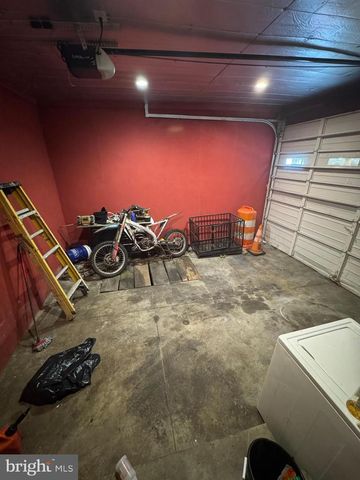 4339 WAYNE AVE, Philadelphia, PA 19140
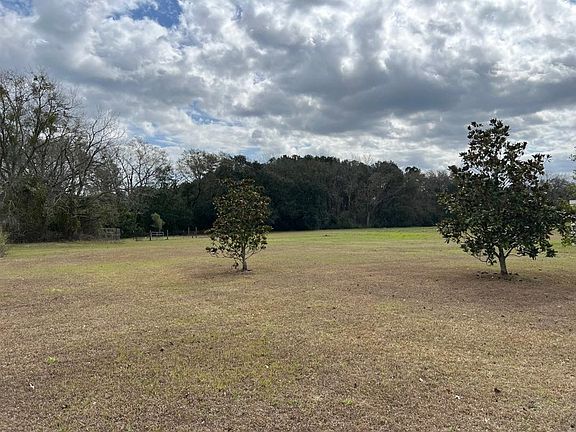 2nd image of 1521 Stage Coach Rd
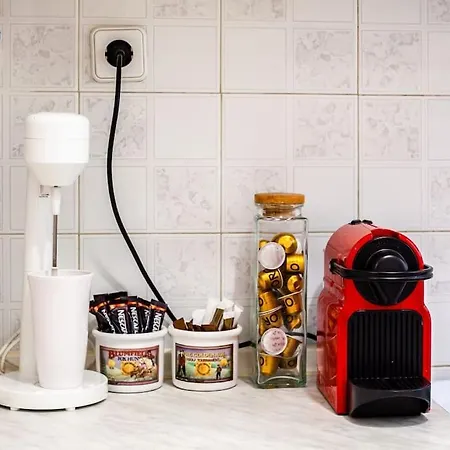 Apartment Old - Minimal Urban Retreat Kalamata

——————

### Work item
Please repeat the data above exactly as it appears, pictures excluded.

### Output of the exercise
 4339 WAYNE AVE, Philadelphia, PA 19140
 2nd image of 1521 Stage Coach Rd
 Apartment Old - Minimal Urban Retreat Kalamata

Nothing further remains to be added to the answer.